# [What is expected]
Wherever an image appears in the data, omit it and copy all the remaining text word for word.

Entries provided Block Start

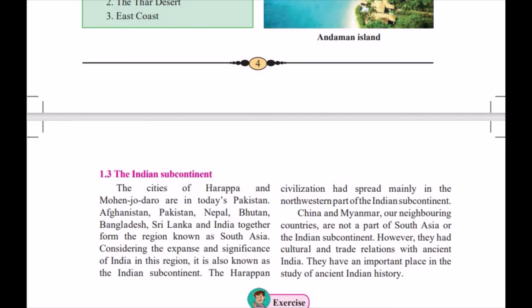Gautam Buddha sent his son Mahendra and his daughter Sangamitra to foreign countries to introduce Buddhism. So, my dear students, we can see that our Indian subcontinent is very, very important. Today's Pakistan, Afghanistan, Nepal, Bhutan, Sri Lanka, and Bangladesh — they together constitute South Asia.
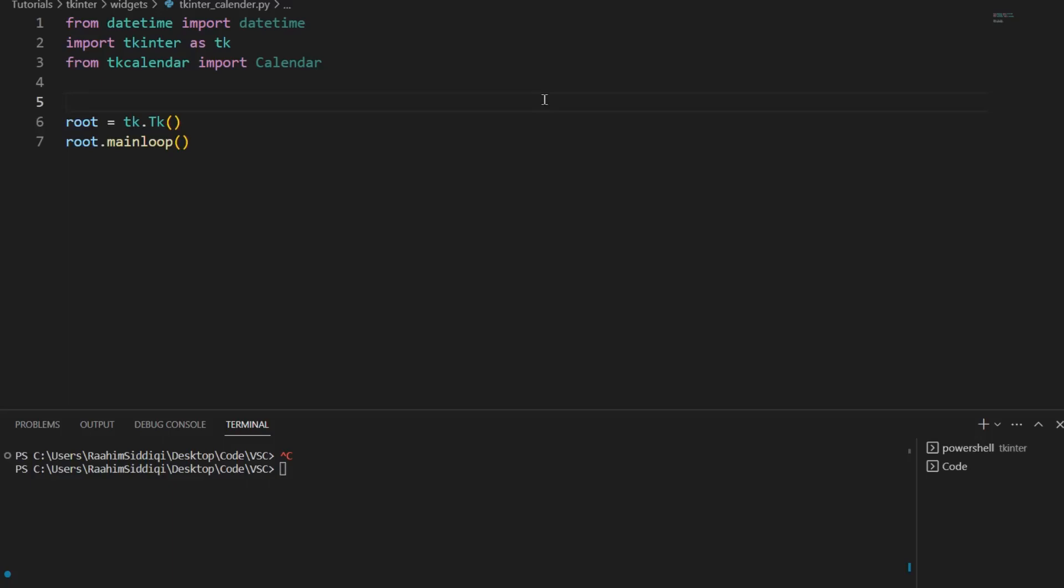Hello and welcome back to the CodeRageLegacy channel. In today's video we're going to explore how to create a calendar or a date picker in Tkinter.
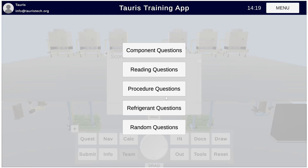Number one, we have several different question categories versus components. So we'll start there.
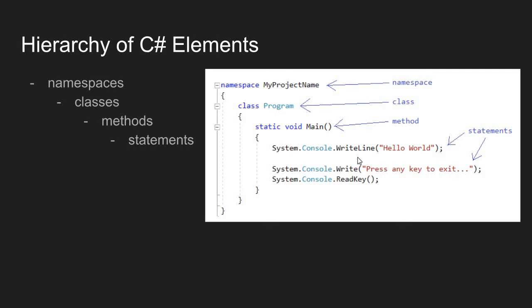We are using a method that was created in a different class that is stored in a different namespace. Everything in C-sharp should have this namespace class method hierarchy, which means every method should be able to use methods and classes that have been written elsewhere.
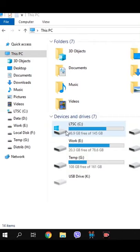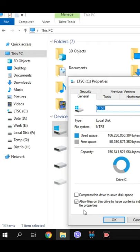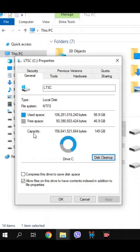To clean disk space fast, press right mouse button on disk, select Properties, then choose Disk Cleanup, and very important: click Cleanup system files.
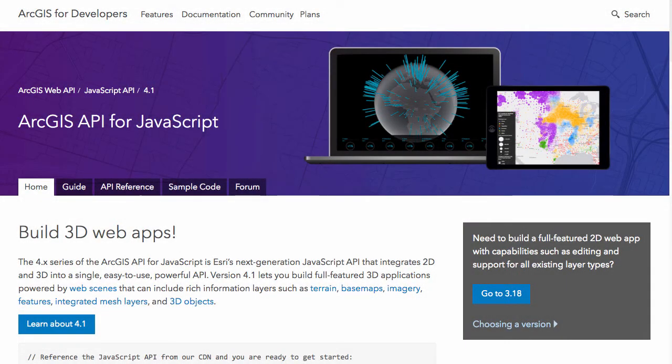Hi there, this is Brené with Esri/Odonet, and today I want to talk about the latest releases for the ArcGIS API for JavaScript. There were actually two releases recently this past week, and that was for version 4.1 and version 3.18.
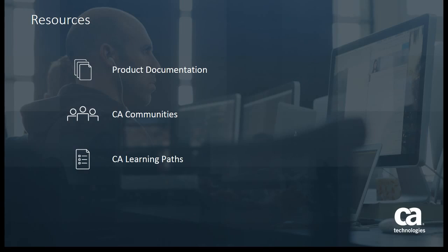For more detailed information about CA Service Virtualization, visit the product page at CA.com. From there, you can view the product documentation, visit the CA Communities, or see the running path of the product.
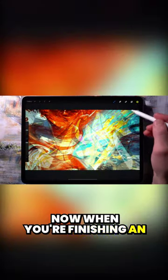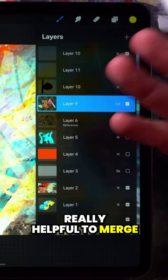Now when you're finishing an artwork, it can be really helpful to merge all of the layers that you have into a single layer.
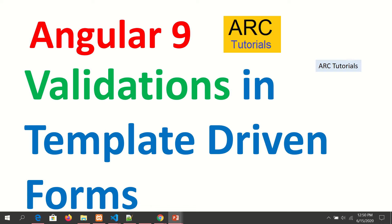Hi friends, welcome back to our tutorials. We are continuing with our Angular 9 full tutorial series. In today's episode we are going to learn how to add validations in template-driven forms. If you're continuing from the previous episode, we learned how to build template-driven forms and use different form fields like text, dropdown, select, textarea, checkbox, radio, etc. Today we are going to extend that and add validations.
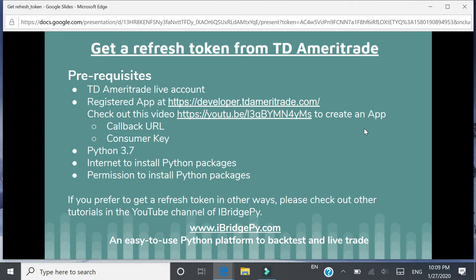First, let's talk about the prerequisites. There are some. The first one is you need to have a TD Ameritrade live account, which means you have an account number, login ID and password. Then you need to register an app at developer.tdameritrade.com.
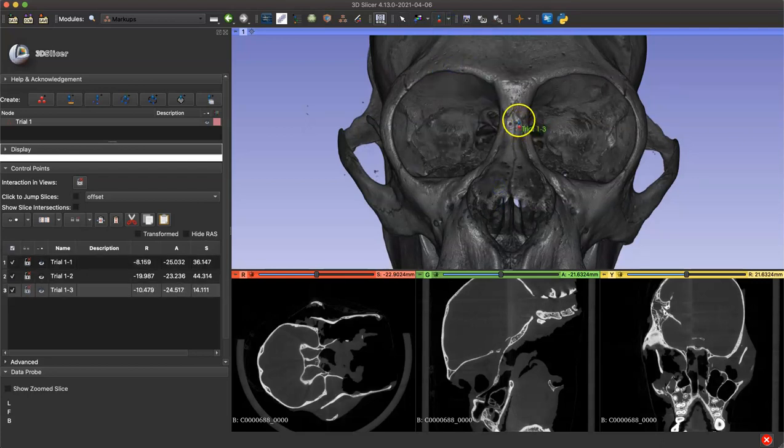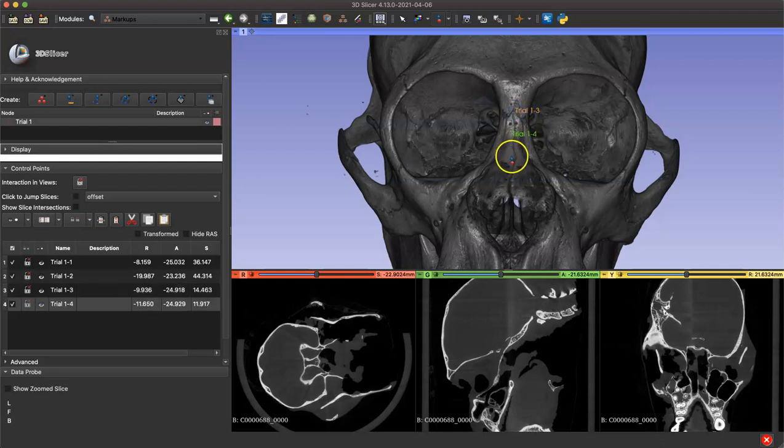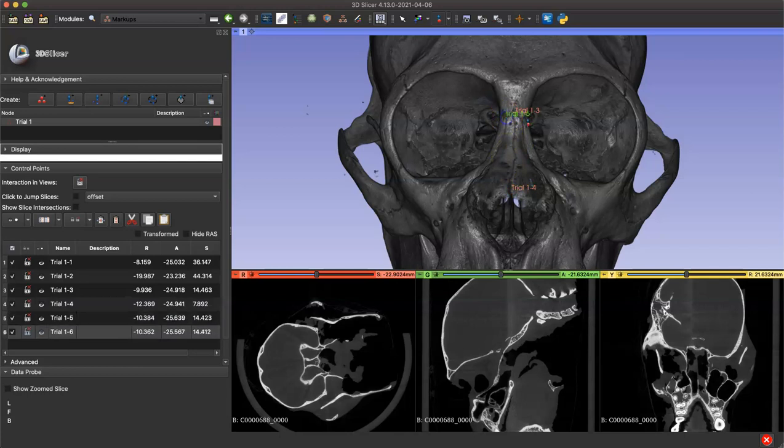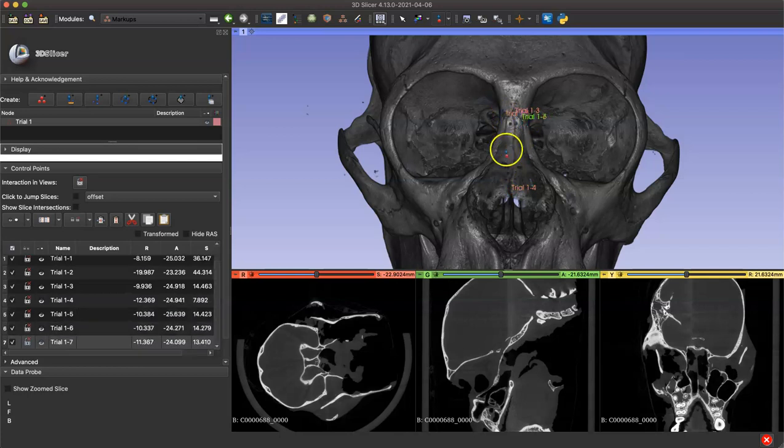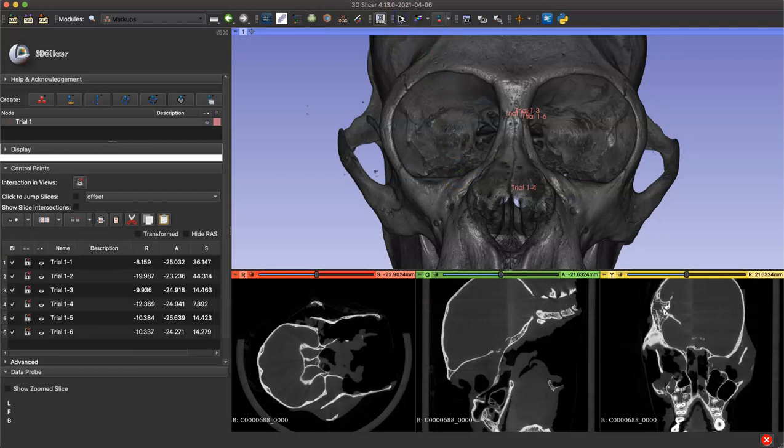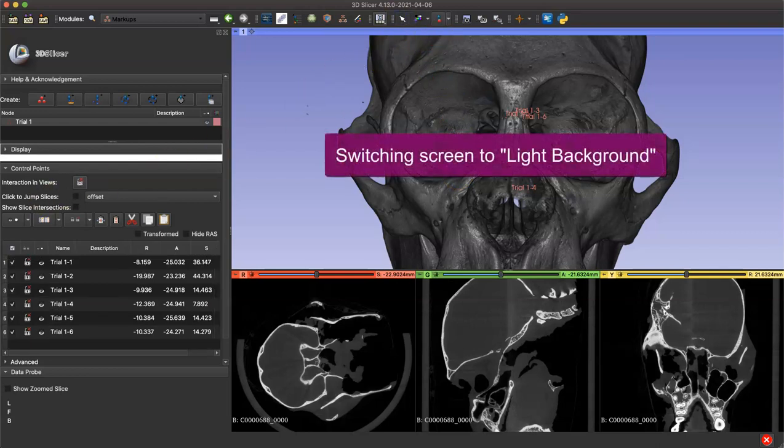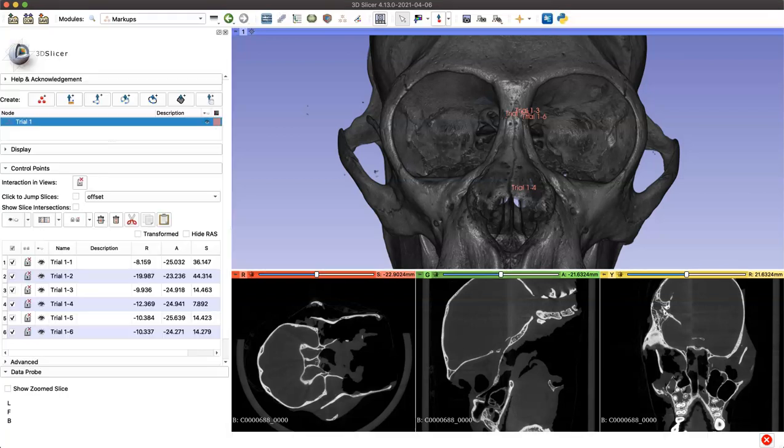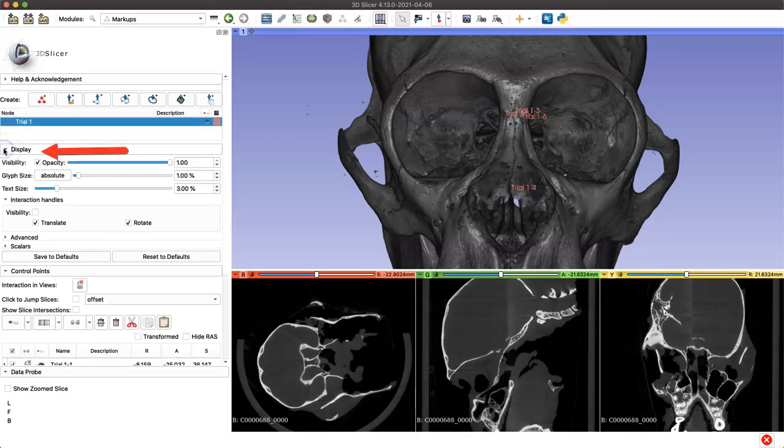Notice that the new points I'm putting down say trial 1-4, 1-5, etc., because we're still under the same node that we created. I'm just continuing that list. I'm going to exit out of active landmarking mode now, and I'm going to switch the appearance of the screen to a light background just so we can visualize this a little better.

Entries provided Block End

# [Solution for this task]
Gautam Buddha sent his son Mahendra and his daughter Sangamitra to foreign countries to introduce Buddhism. So, my dear students, we can see that our Indian subcontinent is very, very important. Today's Pakistan, Afghanistan, Nepal, Bhutan, Sri Lanka, and Bangladesh — they together constitute South Asia.
Hello and welcome back to the CodeRageLegacy channel. In today's video we're going to explore how to create a calendar or a date picker in Tkinter.
Number one, we have several different question categories versus components. So we'll start there.
We are using a method that was created in a different class that is stored in a different namespace. Everything in C-sharp should have this namespace class method hierarchy, which means every method should be able to use methods and classes that have been written elsewhere.
To clean disk space fast, press right mouse button on disk, select Properties, then choose Disk Cleanup, and very important: click Cleanup system files.
Hi there, this is Brené with Esri/Odonet, and today I want to talk about the latest releases for the ArcGIS API for JavaScript. There were actually two releases recently this past week, and that was for version 4.1 and version 3.18.
For more detailed information about CA Service Virtualization, visit the product page at CA.com. From there, you can view the product documentation, visit the CA Communities, or see the running path of the product.
Now when you're finishing an artwork, it can be really helpful to merge all of the layers that you have into a single layer.
Hi friends, welcome back to our tutorials. We are continuing with our Angular 9 full tutorial series. In today's episode we are going to learn how to add validations in template-driven forms. If you're continuing from the previous episode, we learned how to build template-driven forms and use different form fields like text, dropdown, select, textarea, checkbox, radio, etc. Today we are going to extend that and add validations.
First, let's talk about the prerequisites. There are some. The first one is you need to have a TD Ameritrade live account, which means you have an account number, login ID and password. Then you need to register an app at developer.tdameritrade.com.
Notice that the new points I'm putting down say trial 1-4, 1-5, etc., because we're still under the same node that we created. I'm just continuing that list. I'm going to exit out of active landmarking mode now, and I'm going to switch the appearance of the screen to a light background just so we can visualize this a little better.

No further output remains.